3. The Sub-Divisional Magistrate seems to have acted beyond his jurisdiction under Section 85, Panchayat Raj Act in another manner as well. The finding of the Sub-Divisional Magistrate that the case is not proved against two of the five persons convicted by the Panchayati Adalat means that there had been a miscarriage of justice in this case. He should have, therefore, quashed the order of the Panchayati Adalat with respect to all the applicants before him and not with respect to only those two persons who had been wrongly convicted, as Sub-section (1) of Section 85, U. P. Panchayat Raj Act provides for the quashing of the order passed by the Panchayati Adalat and should, therefore, mean the entire order passed by that Adalat and not a portion of that order. This view finds support from the provisions of Sub-section (2), which provides that when an order has been passed under Sub-section (1) in respect of any case, a trial on complaint or otherwise in respect of the same offence may be started in the Court of a, Magistrate having jurisdiction to try the case. This means that those two persons against whom the Sub-Divisional Magistrate has quashed the proceedings can be proceeded against for the same offence in the Court of a competent Magistrate.
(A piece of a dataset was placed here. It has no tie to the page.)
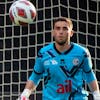 From left St.Gallens player Patrick Sutter and Luganos goalkeeper Amir Saipi, during the Super League soccer match FC Lugano against FC St. Gallen, at the Cornaredo Stadium in Lugano, Saturday, July 29, 2023. (KEYSTONE/Ti-Press/Samuel Golay)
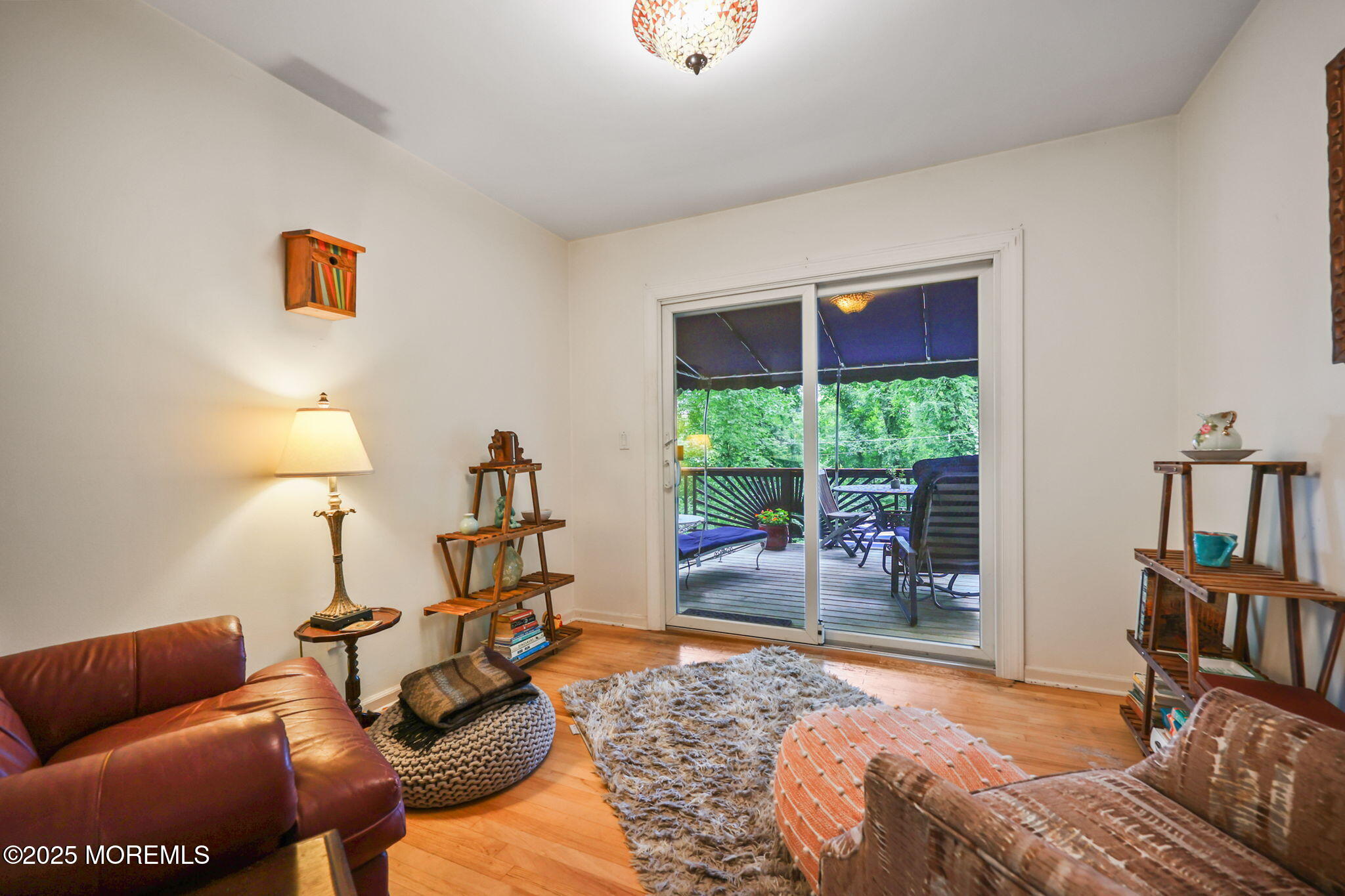724 South Riverside Drive Neptune Township, NJ 07753 - Photo 15 of 39 a living room with furniture and a window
It would be very embarrassing indeed that that Magistrate should be in a position to hold that the prosecution version was not established at all or was not true while the conviction of three persons should remain good on account of their conviction by the Panchayati Adalat and its confirmation by the Sub-Divisional Magistrate. It, therefore, appears to me that these provisions of Section 85 of the Act provide for the quashing of the entire order and not so much of the order as be against any particular individual, In this view of the matter, the Sub-Divisional Magistrate should be ordered to pass the proper order in this case, taking into consideration that he or another Sub-Divisional Magistrate had already found that miscarriage of justice had taken place with respect to two accused.

4. It has been contended for the State that though the Sub-Divisional Magistrate's power a under Section 85 are so limited, but his powers as a Court of revision under Section 89 of the Act are not so limited. I do not agree. I am of opinion that Section 89 just mentions the forum to which revisions could be presented against the various orders of the Panchayati Adalat and Section 85 provides what powers the Sub-Divisional Magistrate and other presiding officers can exercise with respect to the Orders passed by the Panchayati Adalat or with respect to its jurisdiction over certain matters. Sub-section (5) of Section 85 is :

'except as aforesaid a decree or order passed by a Panchayati Adalat in any suit, case or proceeding under this Act shall be final and shall not be open to appeal or revision in any Court.'

This, to my mind, makes it clear that the order passed by the Panchayati Adalat is not to be interfered with in any other manner except as is provided in Section 85, and that Section 89 has nothing to do with the powers of the Sub-Divisional Magistrate while dealing with revisions, but has simply to do with the forum for the various revisions.

5. I, therefore, allow this application, set aside the order of the Sub-Divisional Magistrate and order that proper orders be passed in the light of the above remarks, keeping in view that he or his predecessor has already held that miscarriage of justice had taken place in the case of two persons.